微妙に異なる会計と税務の「開業費」
個人でも会社でも開業に際しては少なからず準備費用がかかります。
このような費用を「開業費」といいます。
「開業費」は、会計でも、税務でも、開業年度において一時の費用・損金とすることに問題はありませんが、その支出の効果が開業後にも及ぶことから「繰延資産」として資産に計上することも構わないこととされています。
ただし、この「繰延資産」として計上する場合には、「開業費」の会計と費用の定義に微妙な違いがあることに留意しなければなりません。
会計上は経常費も「開業費」扱い
財務諸表等規則ガイドラインでは「開業費」は、「土地、建物等の賃借料、広告宣伝費、通信交通費、事務用消耗品費、支払利子、使用人の給料、保険料、電気・ガス・水道料等で、会社成立後営業開始までに支出した開業準備のための費用」と定義されています。

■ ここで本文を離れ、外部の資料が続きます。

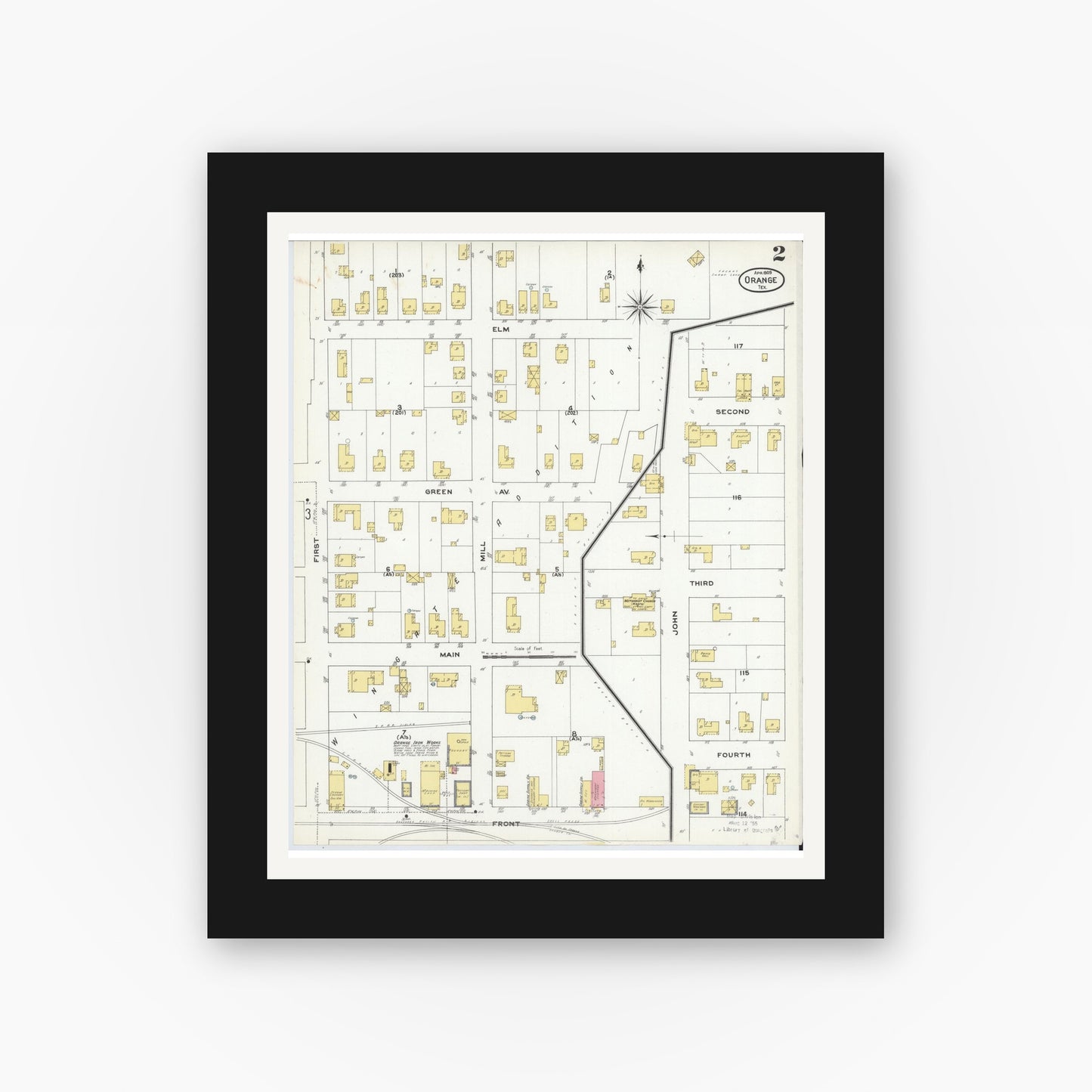 Old map wall art mockup — black gallery frame with white mat — Sanborn Fire Insurance Map from Orange, Orange County, Texas (1909), Sheet #0002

中小企業会計指針でも「開業準備のために支出した金額」とされ、会社成立から開業までに生じた、開業準備のため直接に支出する費用と理解されています。
法人税では経常費は「開業費」とされない
一方、法人税では「開業費」は「法人の設立後事業を開始するまでの間に開業準備のために特別に支出する費用」とされ、「特別に支出する」ものに限定されています。
「特別に支出」については、昔の通達では「法人が開業準備のために特別に支出した広告宣伝費、接待費、旅費、調査費」を指し、「法人の成立後営業開始までの間に支出した費用であっても、支払利子、使用人給料、借家料、電気ガス、水道料金等のような経常費的な性格を有する費用はこれに含まれない」と示されていました。

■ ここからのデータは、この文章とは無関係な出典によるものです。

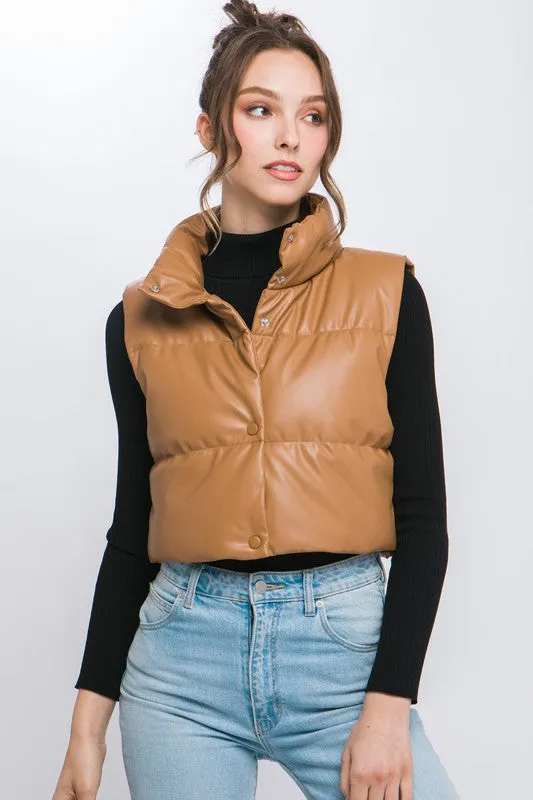 Faux Leather Puffer Vest With Snap Button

これは、法人税の場合、「開業費」は任意償却ですので、期をまたいだ利益調整の道具に使われることを避けるため、「特別な支出」に限ることとしたと理解されています。
現在でも、この内容は解釈として引き継がれ、法人税務では経常費は「開業費」から除かれるものとして取り扱われています。
所得税では「特別」ならば、経常費OK
これに対して所得税では、経常的な費用であっても、その支出が開業準備のために特別に支出したものならば、開業費に計上できるものとして取り扱われます。